United States goalkeeper Ashlyn Harris is introduced during a send-off ceremony ahead of the FIFA Women's World Cup after an international friendly soccer match against Mexico, Sunday, May 26, 2019, in Harrison, N.J. The U.S. won 3-0. (AP Photo/Julio Cortez)
United States goalkeeper Ashlyn Harris took issue with the claim the women's national team isn't accepting to Christians. (AP Photo/Julio Cortez)

United States women’s national team backup goalkeeper Ashlyn Harris took on a tweet claiming the team omitted one of the NWSL’s best left backs because she was a Christian.

Jaelene Hinkle, a member of the North Carolina Courage, was unsurprisingly left off the roster in May for reasons “solely based on soccer,” head coach Jill Ellis said, but many have alleged it’s religious discrimination. Hinkle controversially declined a national team call-up in 2017 because she didn’t want to wear the LGBTQ Pride Month jerseys.
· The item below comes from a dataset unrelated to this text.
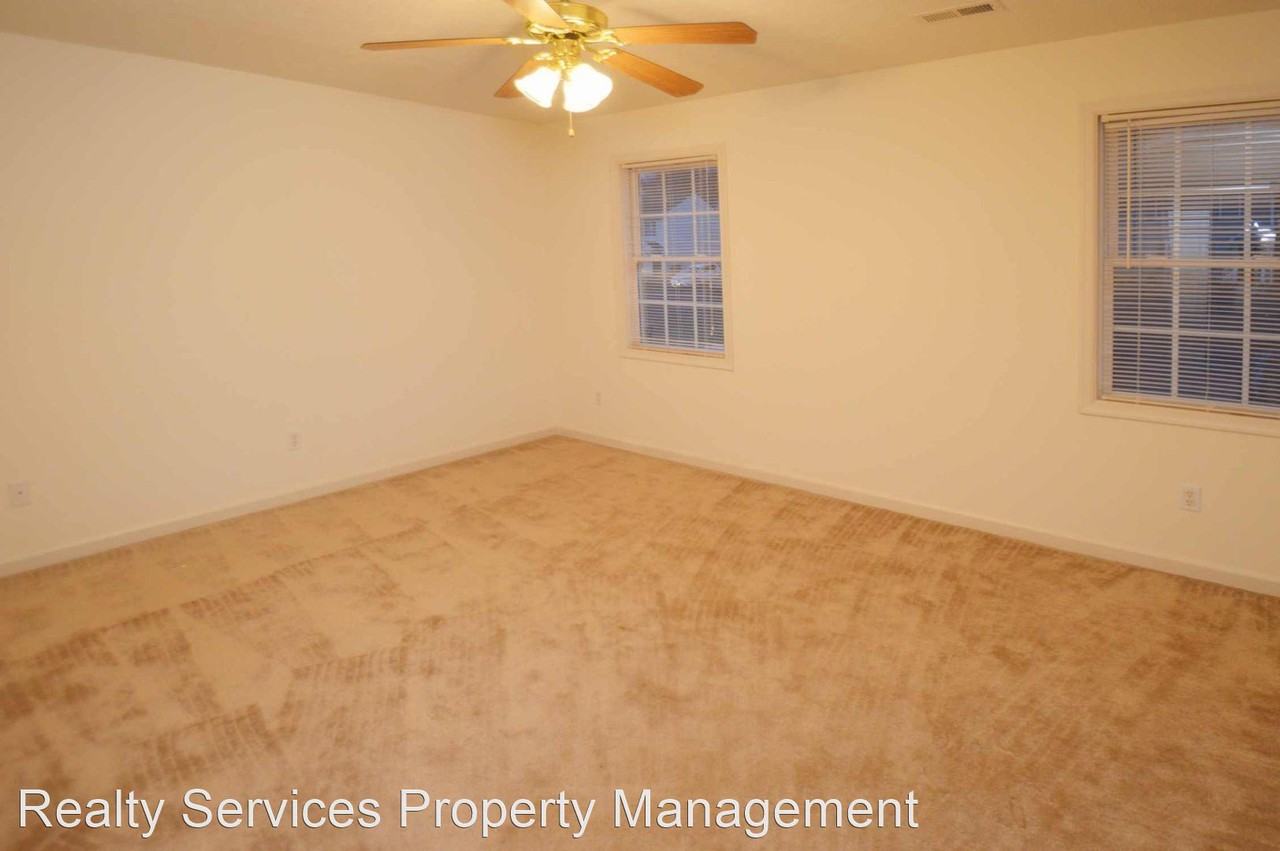 441B Three Creeks Ct - Photo 2 of 11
The issue hasn’t been raised since, until a tweet of a year-old interview with Hinkle started to make the rounds again Sunday.

Harris: religion isn’t problem, intolerance is

Obianuju Ekeocha, a public speaker and founder of Culture of Life Africa, shared an old video Sunday on Twitter of Hinkle on CBN’s “The 700 Club.” The clip is from the end, when Hinkle speaks about being called up to the national team and then declining it since they were wearing LGBTQ Pride Month jerseys.

“I felt so convicted in my spirit that it wasn’t my job to wear” the USWNT jersey with rainbow numbers, she said in the clip from June 2018.

“I’m essentially giving up the one little girl’s dream about their entire life, and I’m saying no to [it]. It was very disappointing.”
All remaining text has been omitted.